By far the greatest fantasy miniseries I've ever seen, it somehow manages to have that lovely low budget, hokey acting so known throughout the genre while still being genuinely _good_, with good characters, good writing, and even good acting from time to time. It is basically about a young woman from NYC (named Virginia) who gets brought into a world of 9 Kingdoms (the 10th Kingdom is Earth), which are run by descendants of the fairy tale characters. The 4th Kingdom, the focus of the story, is to-be-run by Wendell White, until the evil witch turns him into a dog and sets out a prisoner, a wolfman named... Wolf, to find him. Wolf, Wendell, Virginia, and her father Tony, then set out to stop the evil Queen from taking over the 4th Kingdom. It's hilarious, and by far the best "twist a faerie tale" sort of story I've ever seen. Also, there are some trolls who sing Night Fever.


----------



## Behelit (Feb 27, 2011)

Haven't heard of that, will have to check it out. Thanks


----------



## Meg the Healer (Feb 27, 2011)

The 10th Kingdom is awesome! I love when Fairy Tales collide and I thought it was an interesting twist using the decendents of the classic fairy tales heroines rather than them being the focus (though Snow White and Cinderella make an appearance). And I love the troll children.....especially Bluebell.

"I am Burley the Troll...feared throughout the 9 kingdoms. And I am Blabberwort the Troll...dreaded throughout the 9 kingdoms.
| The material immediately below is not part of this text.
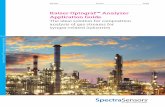 Kaiser Optograf Analyzer Application Guide - endress.com · Composition/CO Raw Syngas - Secondary Reformer Outlet OptoDRS AM4 Composition/CO High Temperature Shift Converter Outlet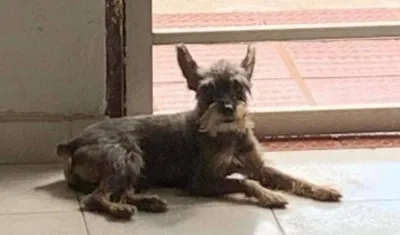 Este es 'Junior', el can extraviado en San Felipe.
And I am Bluebell the Troll...terrified throughout the 9 kingdoms." That just makes me laugh especially because I know he's trying to sound menacing.
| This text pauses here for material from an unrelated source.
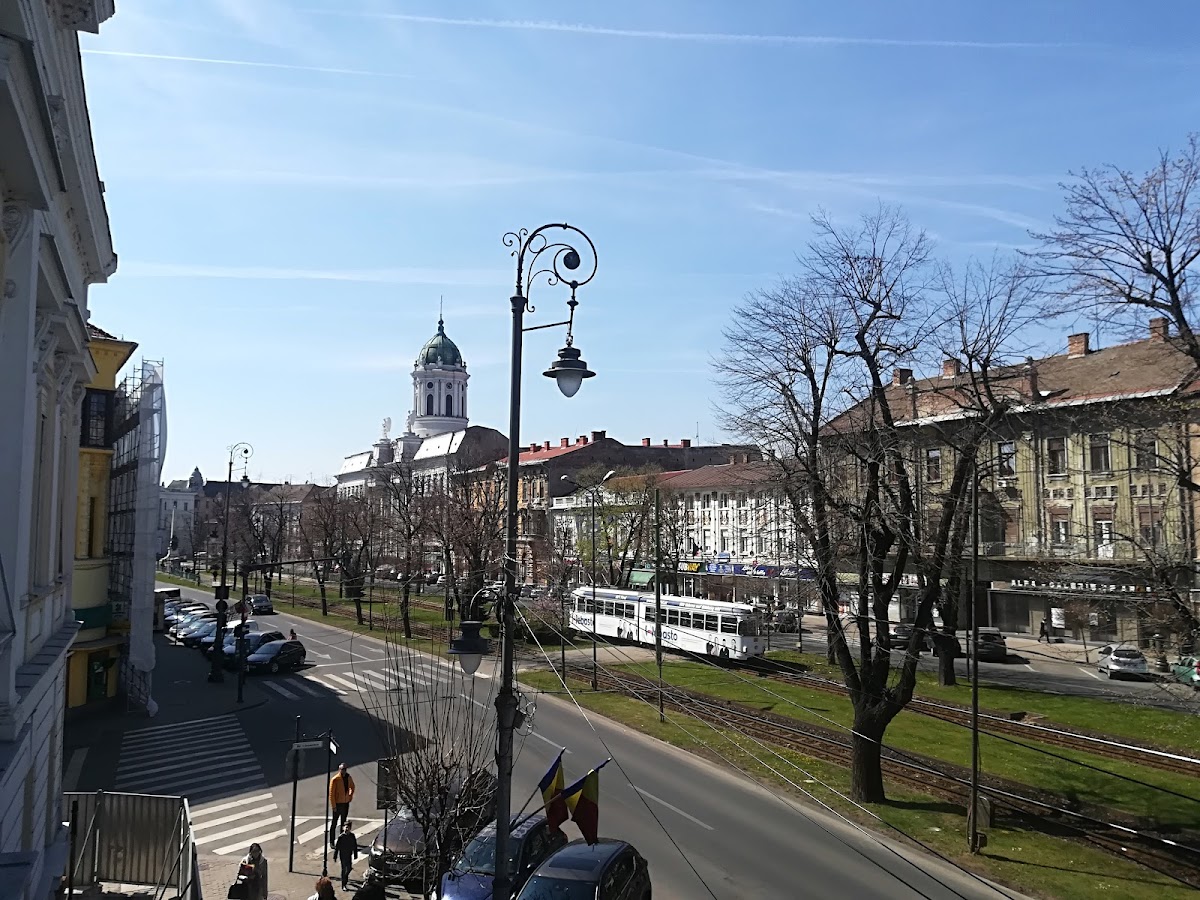 Arad.zone - foto 5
And I started using the phrase...."suck an elf" a lot.

Great mini-series.


----------



## tallyho (May 31, 2011)

I wouldnt say the acting is too bad - a few big stars in there - notably Kimberly Williams-Paisley and Ed O'Neill. But besides that I really enjoyed this when i was young and bought it a few months ago on DVD. The first few episodes are good, but for me after the bo peep episode it loses it a little - in particular the singing mushrooms. The end picks up again though, so i guess that means i will be watching it again soon.


----------



## Derin (Jun 7, 2011)

Oh, I remember that series! The whole denoument was a little... unconvincing, I thought, but otherwise pretty good.

I liked the shoe-obsessed trolls. (And those singing mushrooms were awesome.)


----------